Every summer, 17-year-old Lorraine Shen would travel from Canada to Taiwan to visit her grandfather, Hua Lee. The two were close and would talk, but for Lee, there were things he never spoke of.
When Lee passed away in two years ago, he was a longtime sufferer of post-traumatic stress disorder, scarred by a conflict that claimed the life of his brother.
Lee was from Anhui, a province in China. He had fought with the Kuomintang against the Communists during China's civil war and against Japan in the Second Sino-Japanese War. Lee's mother forbade her sons from joining the army, but Lee ignored her bidding and took his little brother along, a defiance he deeply regretted.
"He witnessed his brother die in a Japanese raid in China, and I think that haunted him for a long time," Lorraine says. "He (felt) too guilty to face his mom because he kind of rebelled against her wishes."
According to family lore, Lee was told his own mother had cried herself blind from grief. Once the Kuomintang was defeated, Lee settled in Taiwan and never returned to China. He didn't explain why, but his family suspected he was afraid to face his parents. Lee worked as a civil servant for 30 years, helping fellow veterans land infrastructure jobs in Taiwan. The government provided basic necessities for vets but any mental trauma they suffered was disregarded.
Lorraine remembers her grandfather as a quiet man, with a rosy nose, who drank regularly.
"He did not want to relive the experience at all. He would never mention any of his childhood. He would never mention the times he was in war. He didn't want to think about it anymore," she says. "But he relied on alcohol a lot."
Lorraine says he drank vodka or cooking alcohol to numb the pain, but it never affected his job as a government worker. The rest of the family left Lee to his own devices, and he didn't cause any trouble, but he seemed unhappy, Lorraine says.
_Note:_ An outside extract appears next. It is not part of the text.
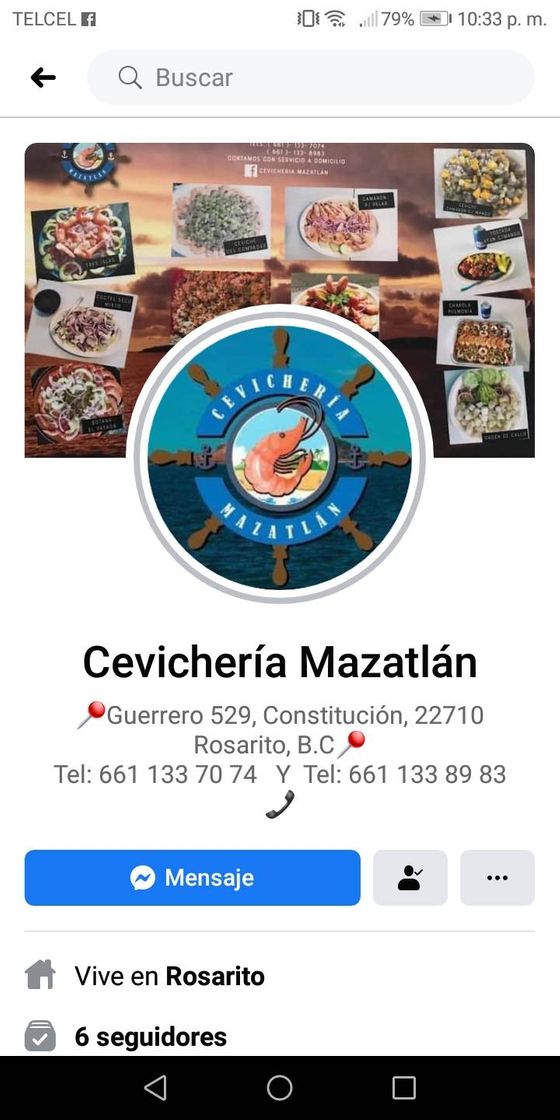 Restaurantes Cevichería Mazatlán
In January 2010, when Lee was 91, he passed away in his home in Taipei. Lorraine was shocked to witness half a bullet removed from her grandfather's ashes, when his cremated remains were presented to family in Taiwan.
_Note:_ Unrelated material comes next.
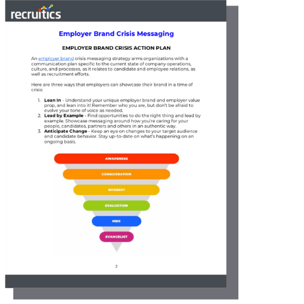 Employer Brand Crisis Messaging eBook Sample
"I didn't know what to think, I was so sad at the time," Lorraine says. "My mom told me the bullets never got taken out. I was a little shocked to see it there."
Last fall, Lorraine's teacher at Moscrop Secondary suggested she start an anti-war group at school, but Lorraine thought raising awareness for stopping war wasn't enough.
"It didn't touch on the crucial point about why we need to stop the war," she says. "There are so many victims resulting from violence, especially the soldiers who are being neglected with their invisible injuries, like post-traumatic stress disorder and traumatic brain injury. It's important for people to understand what they are going through."
Last October, Lorraine and her friend Jessica He started Hope After War at Moscrop, and there are now about 30 club members.
With Remembrance Day approaching, the students are also planning a screening of Broken Heroes, a documentary on Canadian vets returning from Afghanistan. They've held two fundraising events and collected $309 for Wounded Warriors, a non-profit group that helps Canadian soldiers wounded or injured in service. The club also passed out pamphlets at school to other students to help raise awareness about post-traumatic stress disorder.
"By showing more and more people the consequences these soldiers are experiencing, that is a way to stop violence," Lorraine says. "I am hoping that will serve as an incentive to stop. I know it won't happen in the near future."
Lorraine's not sure what her grandfather would think if he were still alive, but she suspects he would be pleased.
"I think he would be happy to see I'm doing something to raise awareness about what he had suffered and how many others have suffered with him, yet they were neglected by the government, or the public, because they didn't regard it as an actual disorder," she says.
This Remembrance Day, Lorraine wants the public to understand the effects of war on people.
"I just want more people to understand what the soldiers are going through instead of neglecting the invisible injuries so that the soldiers will get the help they need, and hopefully they can get the attention they deserve."